You may recall that I wrote a blog post back in June 2022 when the Georgia Supreme Court reversed the conviction of Ross Harris for killing his child by leaving him in a hot car. I thought then it was a prosecutorial overreach and that Mr. Harris never should have been tried on murder charges for the death of his son. My reasoning was based upon study after study showing how easy it is to forget you have a child in a car seat in the back seat, especially if your usual daily schedule is changed ever so slightly.  Now, there are numerous cellphone applications (“apps”) that tell you to check the backseat and make sure you don’t leave your child there in the car. Waze Child Reminder and Kars for Kids are a couple of examples. Also, some newer model cars include such reminder to check the back seat and there are now child seat alarms that will alert you if you accidentally leave your child in his or her car seat. One low-tech suggestion is to leave a stuffed animal in the front seat to remind you your child is in the back seat. When my husband and I were raising our children, who are now adults, we didn’t have anything like that to help and it was a constant worry for us. In fact, there was a news report yesterday that an 11 month old baby girl died in a hot car when her parents left her in their car while they attended church.

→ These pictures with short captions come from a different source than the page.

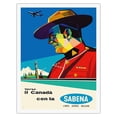 thumbnail image 1 of Visit (Verso il Canada) - Canadian Mountie - Sabena Belgian World Airlines - Vintage Airline Travel Poster by Gaston Van den Eynde c.1950s - Fine Art Matte Paper Print (Unframed) 20x26in, 1 of 4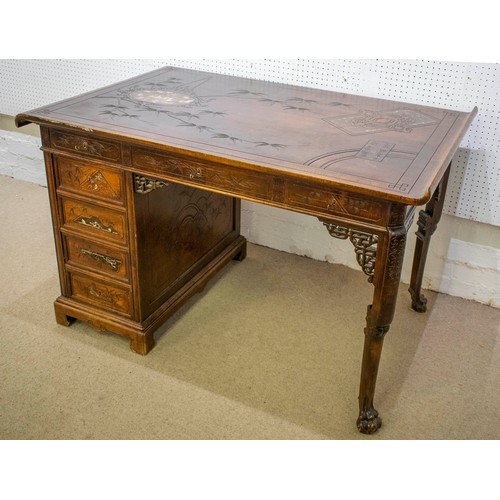 231 - GABRIEL VIARDOT FRENCH JAPONISME STAINED BEECH DESK AND CHAIR, both pieces signed, late 19th century... 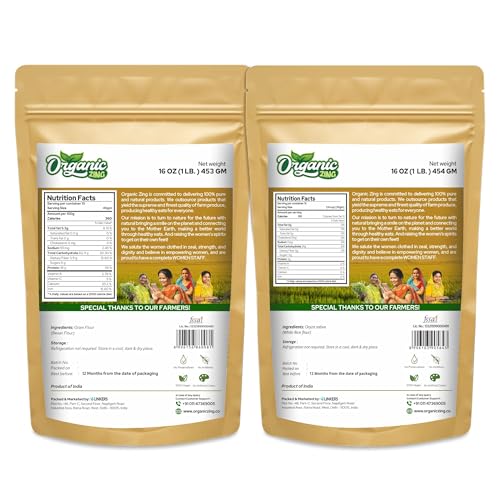 Image of Organic Zing Besan Flour also known as Chickpea Flour, Bengal Gram Flour or Garbanzo Bean Flour |Vegan| Product of India (Chana Besan + White Rice Flour)
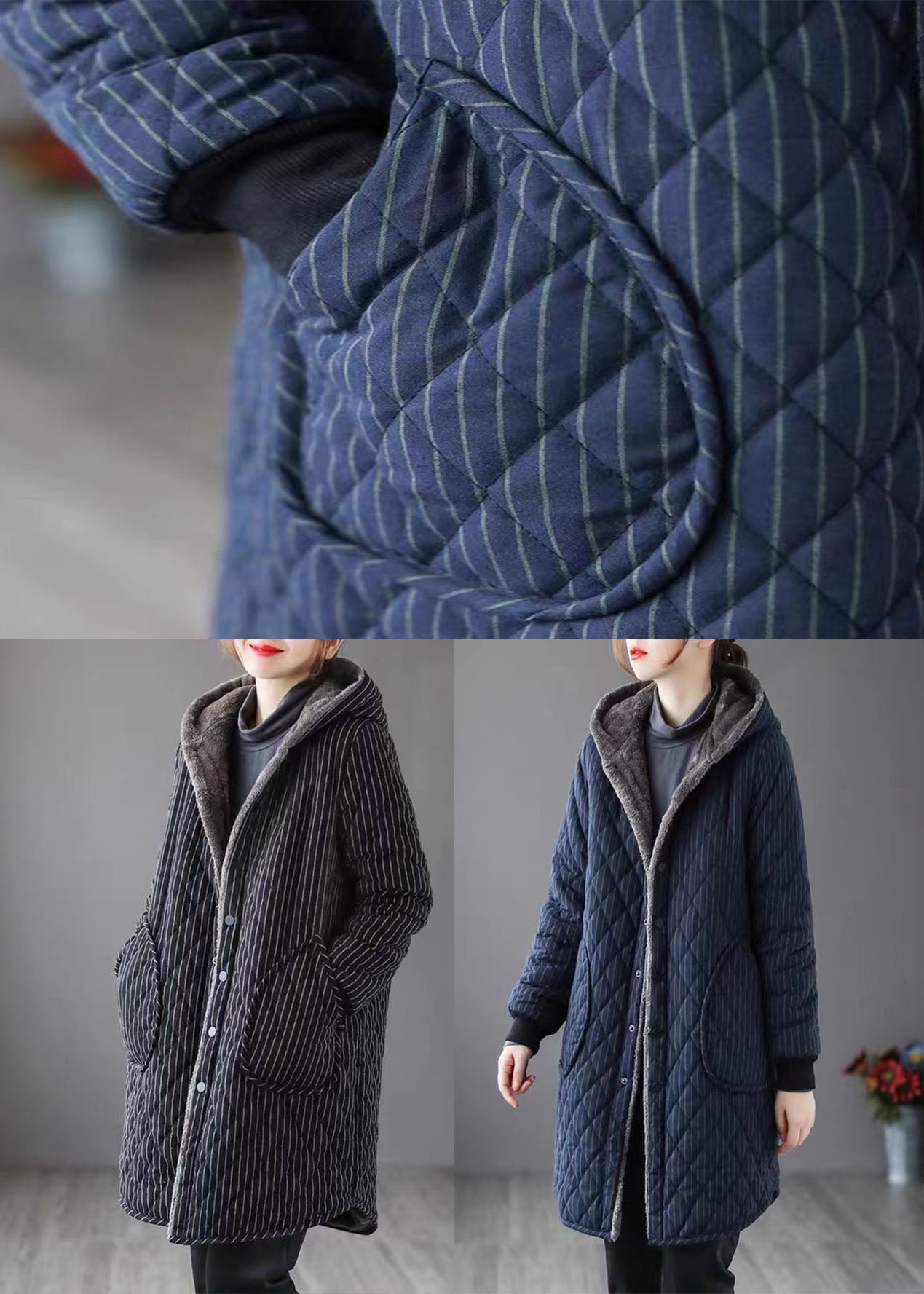 Black Striped Warm Fleece Womens Parka Hooded Winter
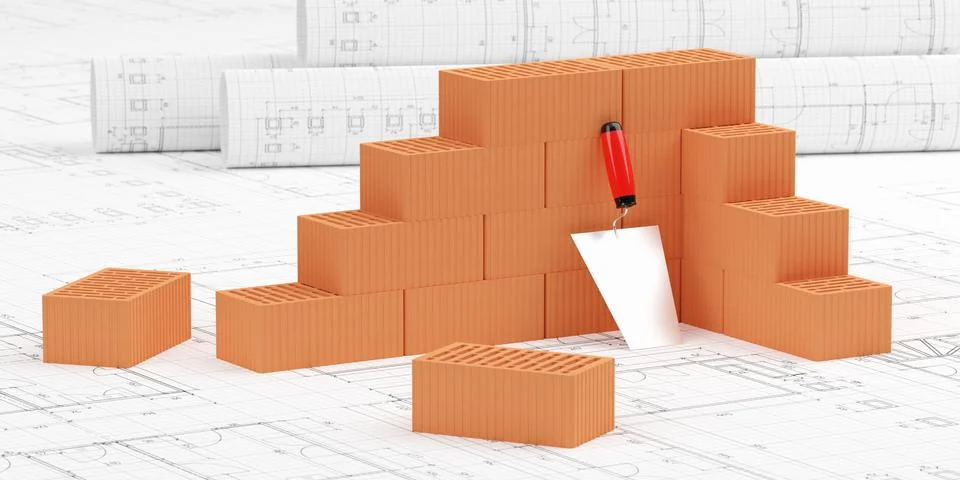 Cornered stack of red brick stones with trowel with drawing plan rolls on a.. Stock Illustration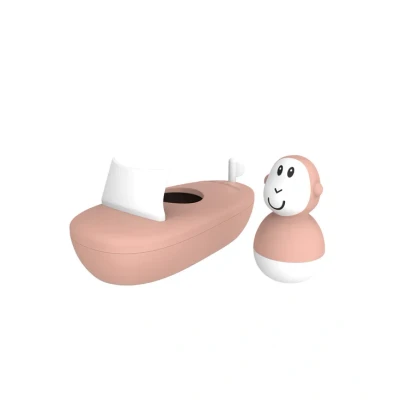 Image of Matchstick Monkey Bathtime Boat Set Dusty Pink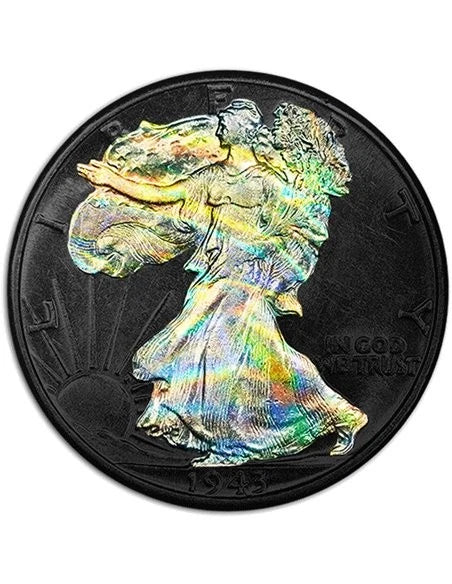 U.S. Walking Liberty Half Dollar Black Ruthenium Holo Edition Silver Coin - CoinsTV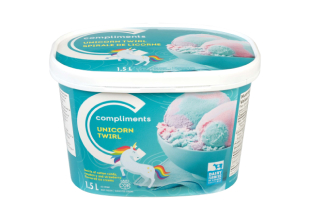 A light blue tub of Compliments Unicorn Twirl Ice Cream with an illustration of a unicorn on the front.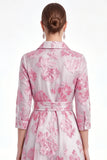 Gold Floral Jacquard A Line Collar Mother of the Bride Dress with 3/4 Sleeves
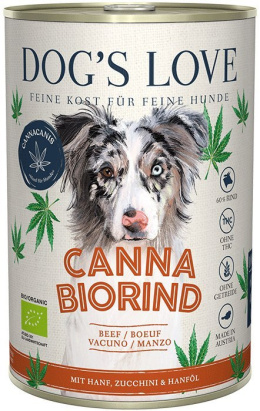 DOG'S LOVE Canna Canis Bio Rind - ekologiczna wołowina z konopiami, cukinią 400g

At trial, the Cobb County prosecutors admitted a lot of evidence regarding Mr. Harris’s communications through the internet with women he wanted to have sex with. Some of these people turned out to be minors. It seemed as if the prosecution was trying to prove that Harris was not a nice guy.  And they did that. But that evidence had nothing to do with leaving Cooper in a hot car in his car seat in the back. The Georgia Supreme Court  upheld Harris’ convictions on three sex crimes committed against a 16-year-old girl that Harris had not appealed. He received a total of 12 years in prison for those crimes, and he will continue to serve that sentence, the district attorney’s office said.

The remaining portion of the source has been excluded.